# Record excerpts
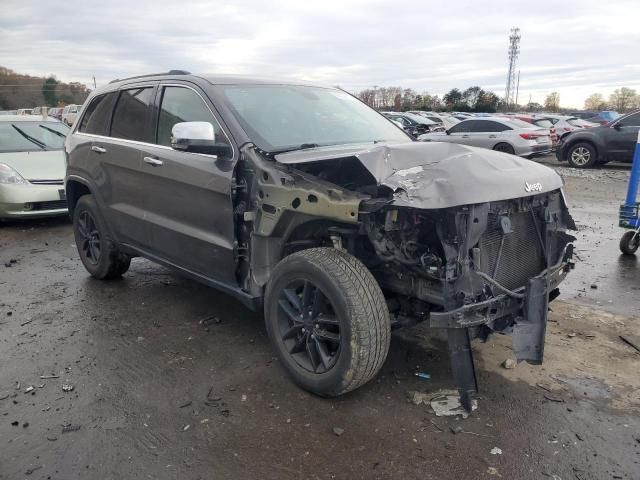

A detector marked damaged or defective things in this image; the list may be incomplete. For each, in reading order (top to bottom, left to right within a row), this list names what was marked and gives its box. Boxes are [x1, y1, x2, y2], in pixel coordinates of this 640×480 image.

crumpled hood [0, 149, 65, 181]
damaged gray suv [65, 71, 576, 408]
front end collision damage [234, 141, 576, 410]
crumpled hood [276, 142, 560, 210]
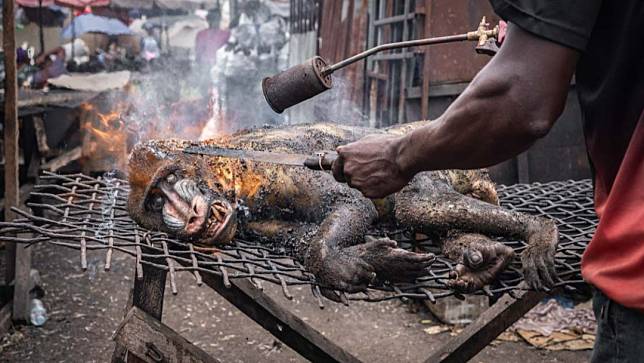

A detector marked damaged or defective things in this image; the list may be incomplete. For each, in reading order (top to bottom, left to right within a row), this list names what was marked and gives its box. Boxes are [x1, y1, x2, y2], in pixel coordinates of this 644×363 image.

# What you should do
Each record should be written out again exactly, though without its pictures.

# Solution for this task
A detector marked damaged or defective things in this image; the list may be incomplete. For each, in reading order (top to bottom, left to right within a row), this list names what was marked and gives its box. Boxes are [x1, y1, x2, y2], in pixel coordinates of this 640×480 image.

crumpled hood [0, 149, 65, 181]
damaged gray suv [65, 71, 576, 408]
front end collision damage [234, 141, 576, 410]
crumpled hood [276, 142, 560, 210]

A detector marked damaged or defective things in this image; the list may be incomplete. For each, in reading order (top to bottom, left to right within a row), this list names what was marked and gives its box. Boxes are [x1, y1, x2, y2], in pixel coordinates of this 644×363 image.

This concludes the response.